Short-time self-diffusion of small particles $\left(D_{0,\mathrm{small}}^s\right)$ in spherically confined suspensions changes with different volume compositions of small and large particles and with distance from the center of confinement. The undulations are a consequence of structural heterogeneity and hydrodynamic interactions, viz., vanishing mobility at the wall [113]. The diffusivity of small particles is increasingly diminished in the direction parallel to the wall in suspensions with greater relative volume fraction of small particles. The horizontal lines are to guide the eye (figure is adapted from [70], with permission).

Figure 10

The Cellular Stokesian dynamics algorithm [70, 112, 113] can be used to model whole-cell processes. As one example, the algorithm can be used to study (a) phase separation at the colloidal scale resulting from interparticle attractions, characterized by (b) an interaction potential, which may comprise variable-distance repulsions and attractions that are uniformly distributed over molecular surfaces or patchy.
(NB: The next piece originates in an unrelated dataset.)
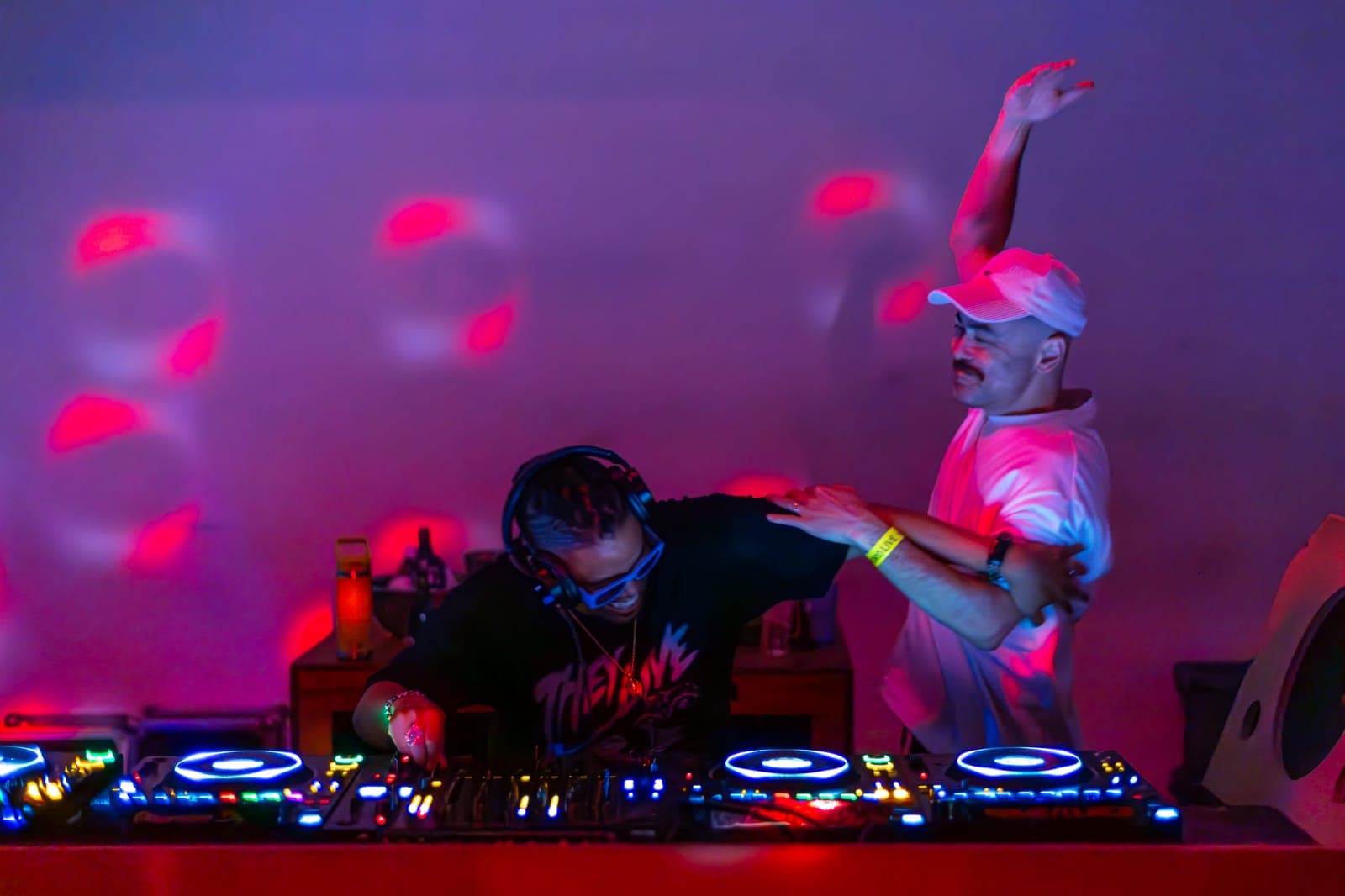 Felix Da Housecat and Kiinjo hype the crowd from behind the decks in pink light at Standard Time in Toronto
In Cellular Stokesian dynamics models, (c) hydrodynamic interactions and size polydispersity in a cell coupled with (d) attractive forces can thwart phase separation, instead inducing gelation and formation of fibrous or ropy networks reminiscent of those implicated in ALS and other age-related diseases [figures (a) and (b) are from [124], (c) is from [70], and (d) is from [131], with permission].

Figure 11

Translation elongation in E. coli is an ideal model problem for elucidating the colloidal physics underpinning whole-cell behavior. While the nucleoid is confined to the center (gold region), translation occurs in the nucleoid-excluded perimeter, where tRNA complexes (red or green) search for matching ribosomes (purple). The search is a complex combinatoric and transport process that spans both regions and involves cell-scale changes in spatial organization as growth rates change [123] (figure is adapted from [3], with permission).